Ask A Therapist: Horn Help


I purchased the TalkTools Parent Kit back in December, and have been implementing the oral placement therapy with the support of my daughter’s speech therapist since January.

We are making great progress with the straws and the bite tubes, but have hit a road block with the horns. My daughter, who will be two years old next month and has Down syndrome, is able to make a sound on Horn #1, but she also bites on the horn when she blows. As well, she sometimes uses her voice as well as blowing (sort of like a kazoo).

I’m not sure where to go from here.

Her speech therapist suggested stopping the horn hierarchy for a while and trying to get her to blow bubbles. I’ve tried blowing bubbles, and she can do it but isn’t much interested. We’ve also taken a break from the horn, but any time I go back to it she does the same thing…although she’s interested in the horn.

Please help! It is amazing what an improvement we’ve seen in such a short time. I know the horn hierarchy is an important component of what we’re trying to do here, and I don’t want to miss out on the benefits!

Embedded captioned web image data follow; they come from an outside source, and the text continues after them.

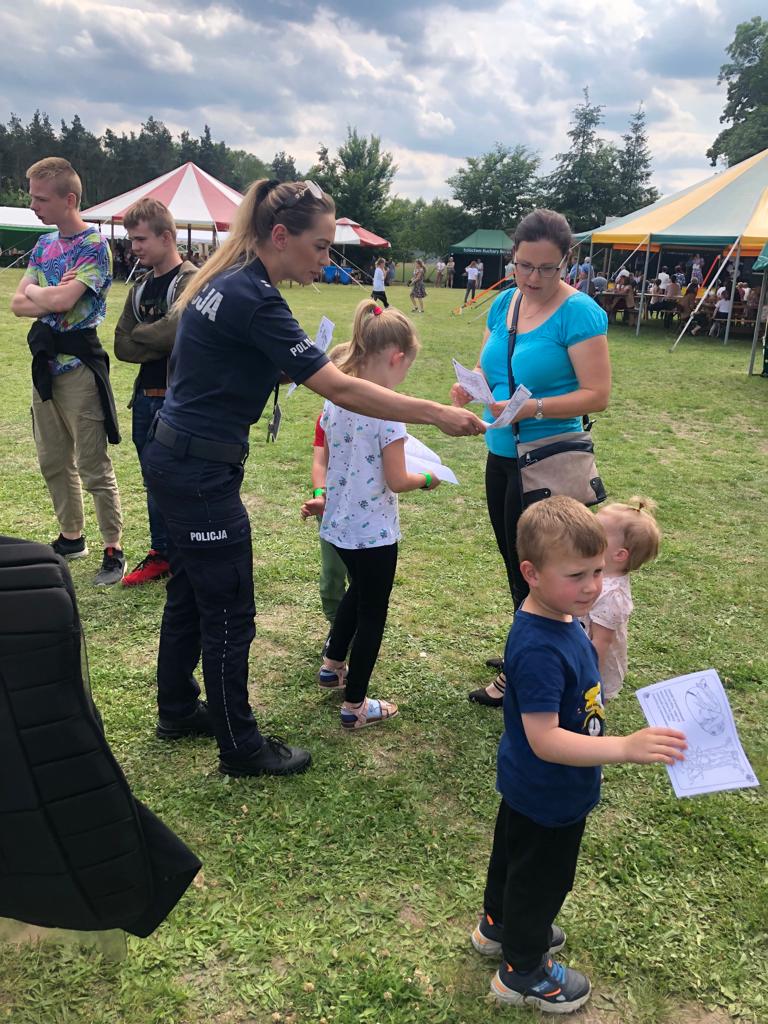 Kolorowy i radosny – profilaktyczny Dzień Dziecka w Lipicach - zdjęcie 10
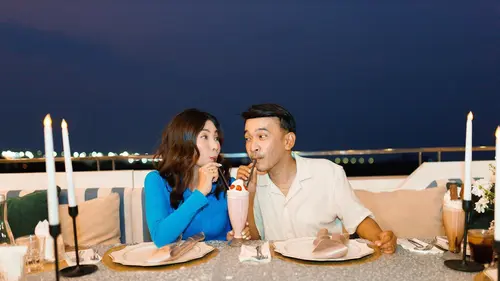 7 Potret Anniversary Pernikahan Sarwendah dan Ruben Onsu, Seru Rayakan di  Kapal - Hot Liputan6.com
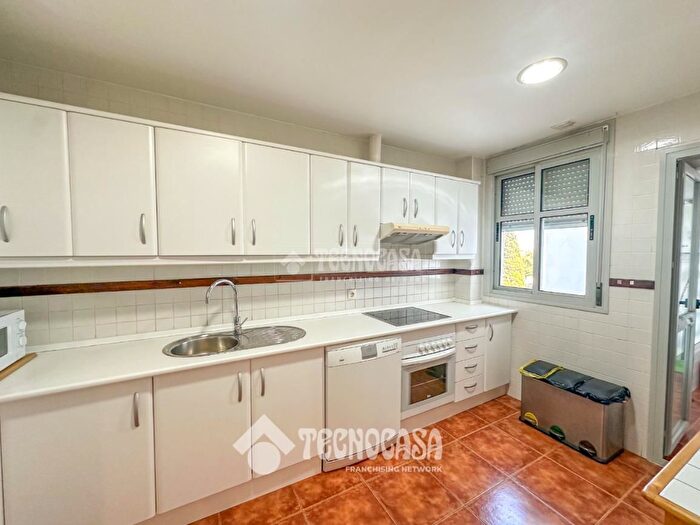 Casas en venta y pisos alquiler - 3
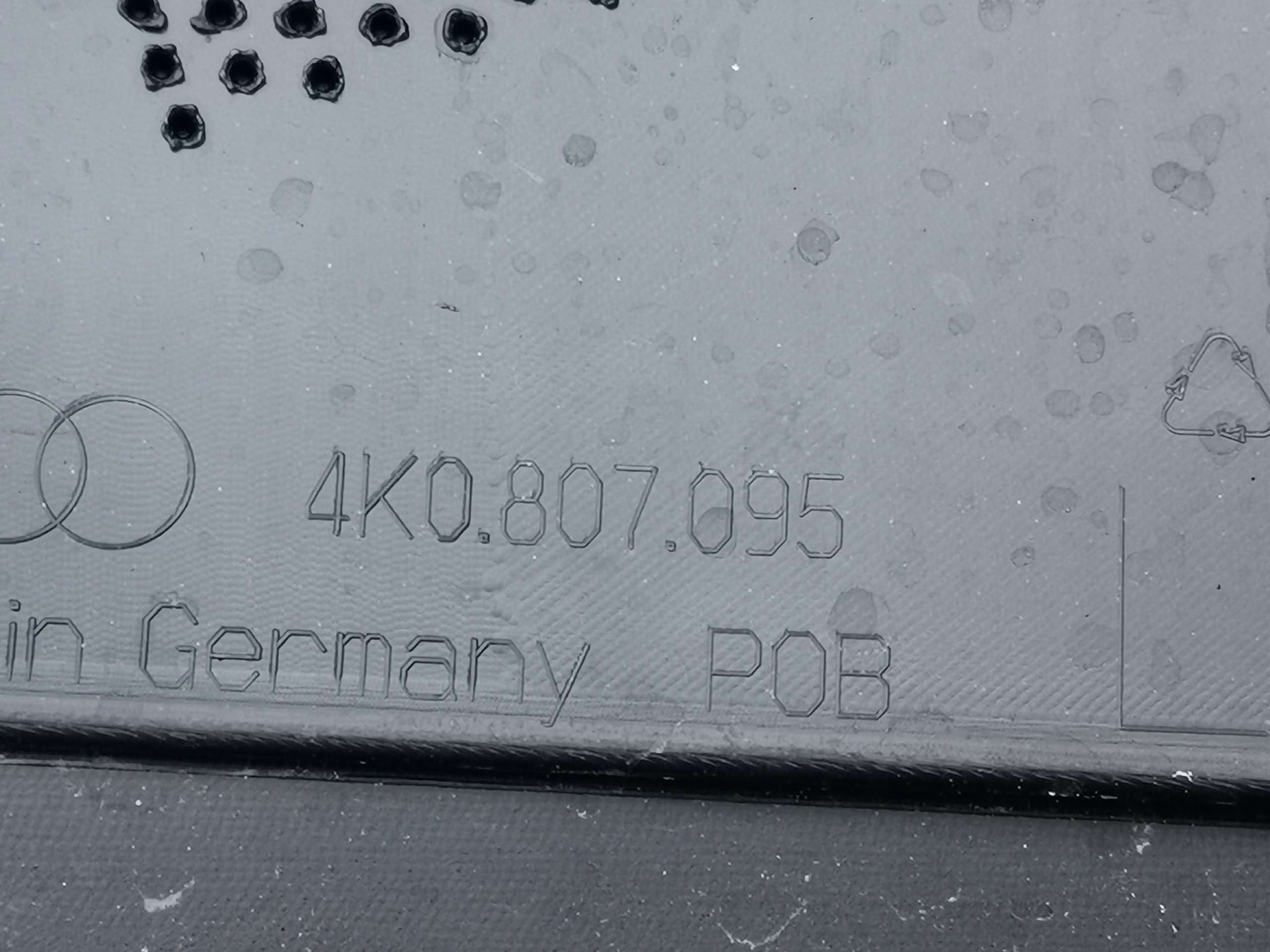 branik prednji dio prednji perač AUDI A6 C8 4K0807437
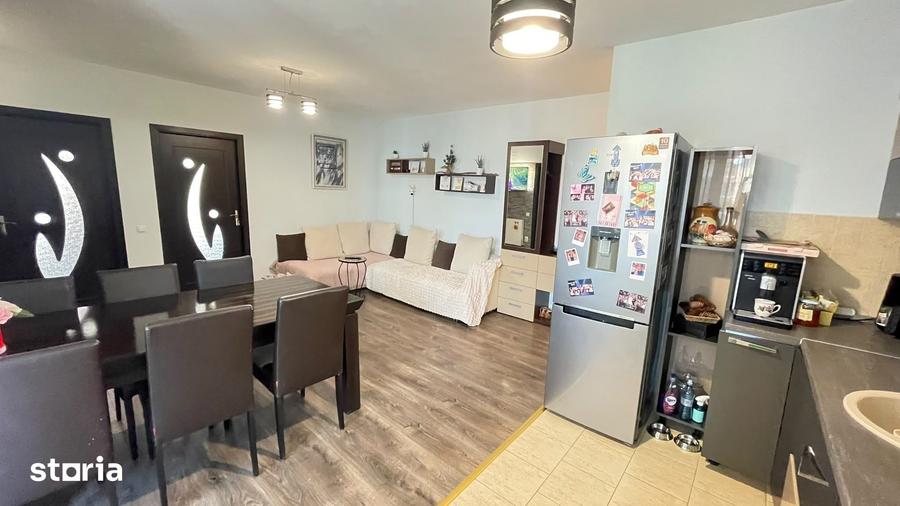 Apartament cu 3 camere în Florești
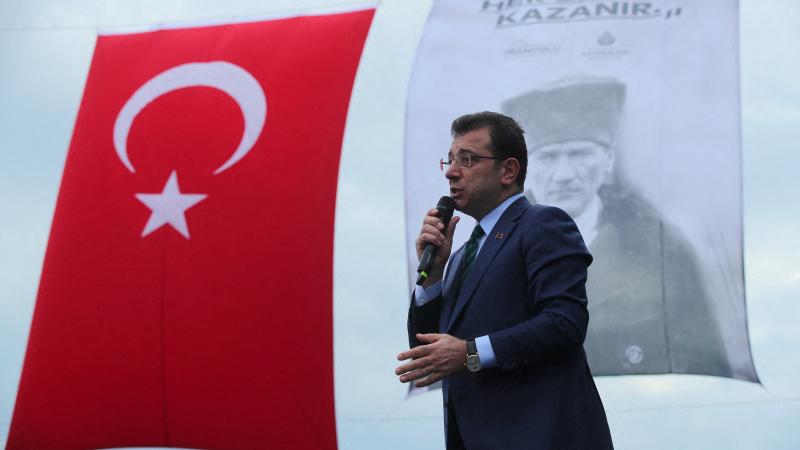 تواصل أحزاب المعارضة في تركيا الدعاية الانتخابية الّتي تقوم بجزء منها على معاداة اللاجئين - أرشيف رويترز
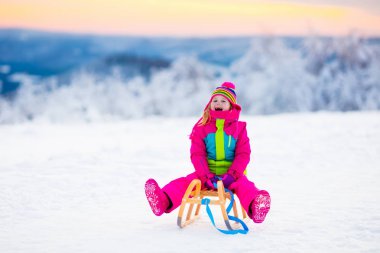 Kış park kızakta karda oynayan çocuk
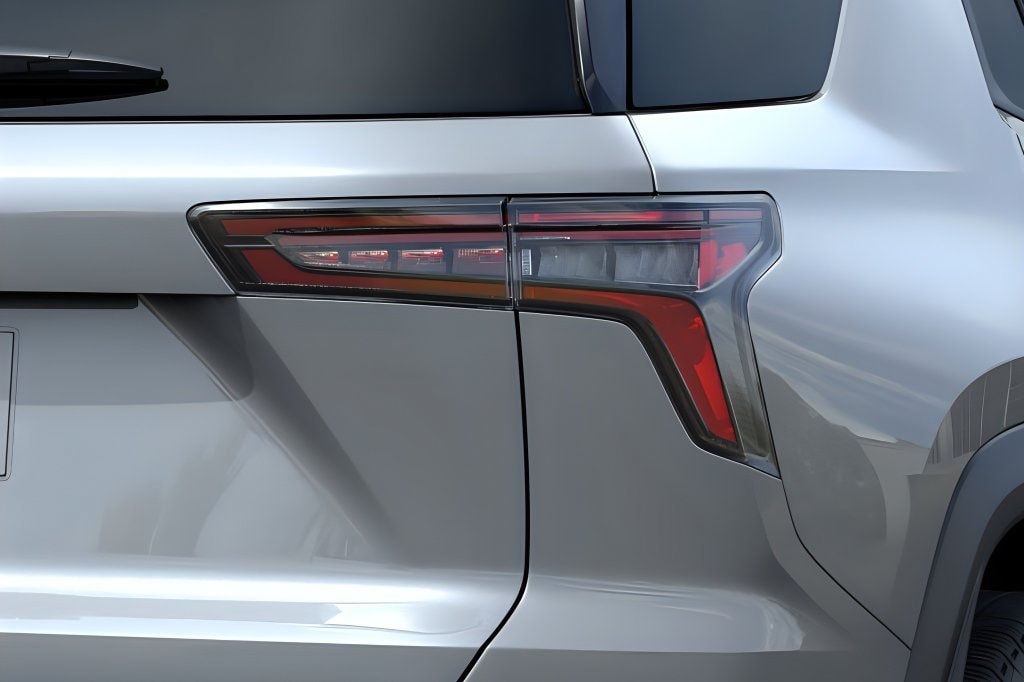 2027 Chevrolet Equinox LT - Photo 12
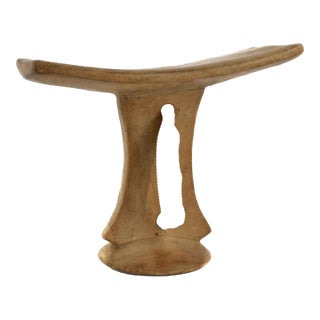 Early 20th Century Turkana Wood Headrest with Strap Kenya For Sale
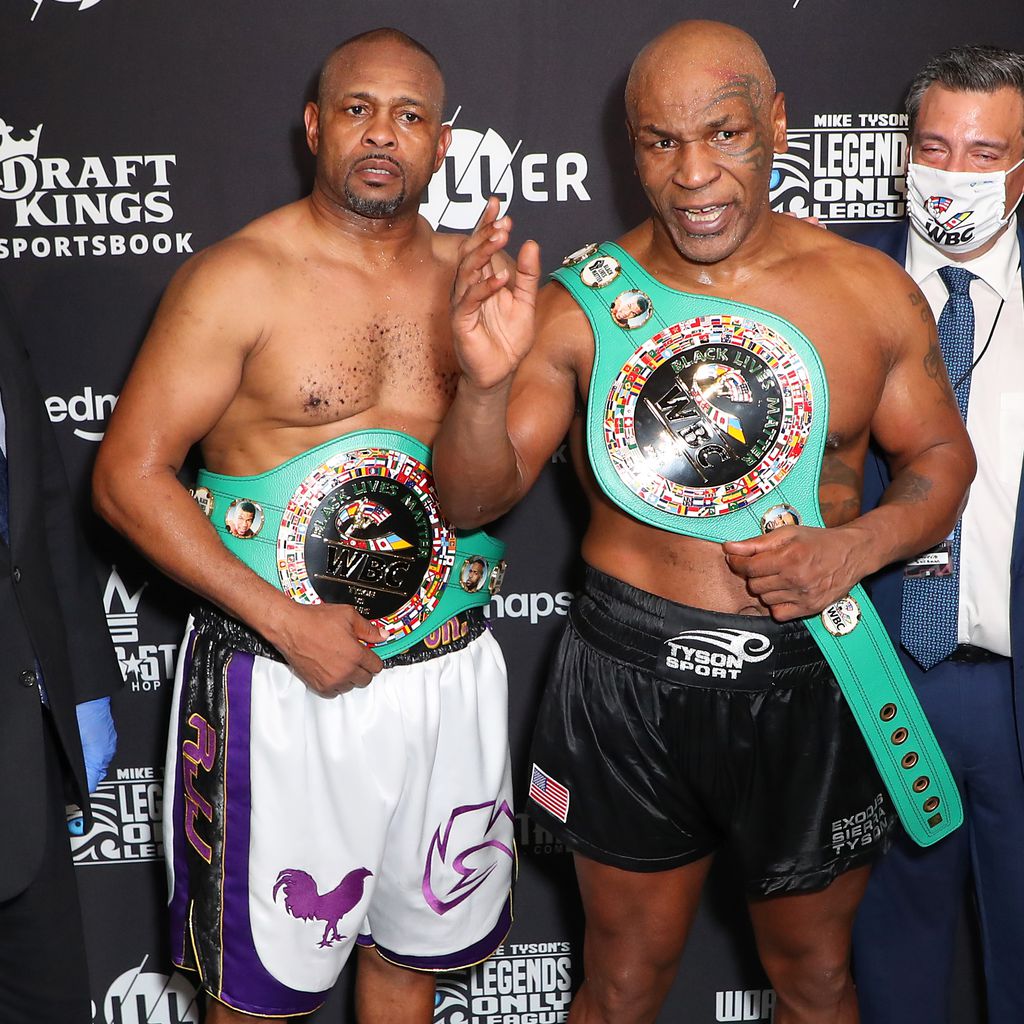 Roy Jones Jr. und Mike Tyson nach ihrem Boxkampf im November 2020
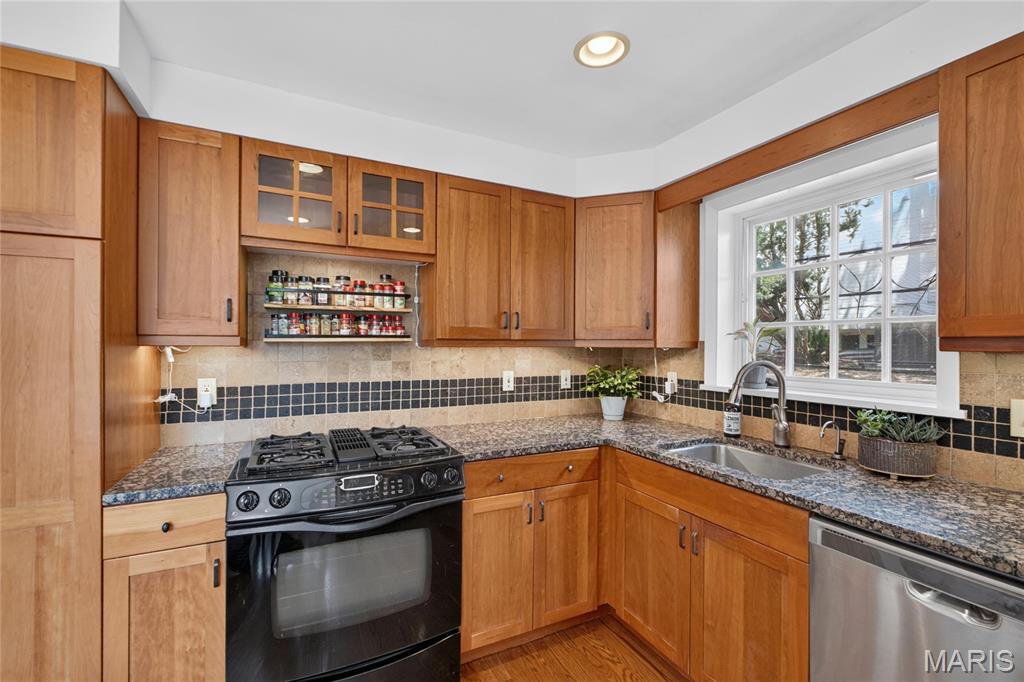 Davis Place - Residential
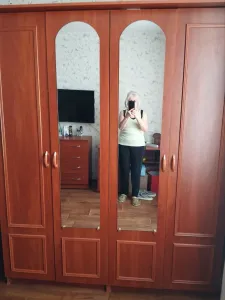 Продаю шифоньер Высота 2 м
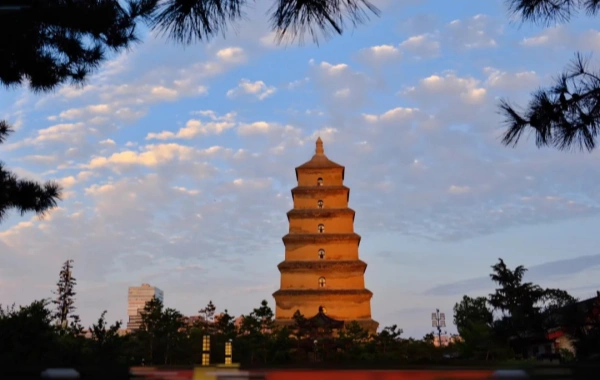 如果西安出太阳，那你看到的大雁塔_1_DD_来自小红书网页版_副本.webp
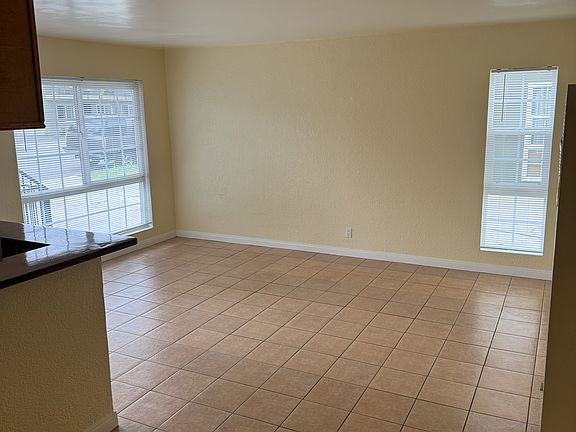 5th image of 136 E Bay St APT A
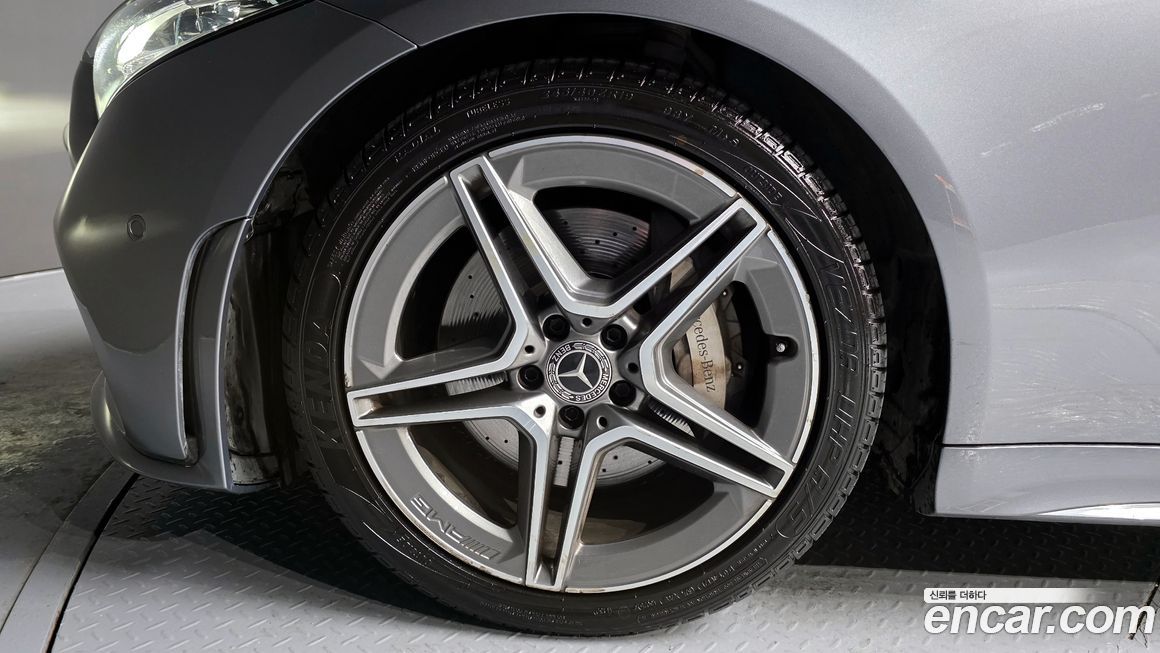 Mercedes-Benz CLS-Class 2020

Thank you for the important work you are doing. I know my daughter is a bright, funny little girl. I want others to see what I see. Speech clarity and her appearance (tongue retraction) are critical to creating a positive first impression and breaking down negative stereotypes about people with Down syndrome.

Words cannot properly express the hope it gives me for her future to hear her speak clearly with confidence, when we were told she wouldn’t be able to do that. Thank you for not accepting the status quo.  Thank you for using your expertise to help my little girl and others like her who needed someone to take the time to figure out the why and come up with the how.


Hi Jerilee,

Let me begin by saying how pleased I am that you are seeing such good progress in the short time you are using the Straw Hierarchy and the Bite-Tube Hierarchy with your two-year-old!

Your speech therapist’s suggestion to go to bubble blowing was a good one, as it will establish the motor plan for blowing without making a vocal sound. Here is what I would suggest:

1. Have your daughter blow the bubble 1 time as you say “blow.” Remove the bubble wand.

2. Place your non-dominant hand under her chin with your thumb against her lower jaw to keep her from biting on the horn.

3. Place the mouthpiece of the horn on her lower lip as you say “blow.” Remove the horn, and if necessary, go back to the bubbles to establish the motor plan.

Thank you for your kind words about the work we are doing at TalkTools. Your comments about your daughter’s emerging speech clarity put a smile on my face. Please let us know if you have any additional questions as you work through the program.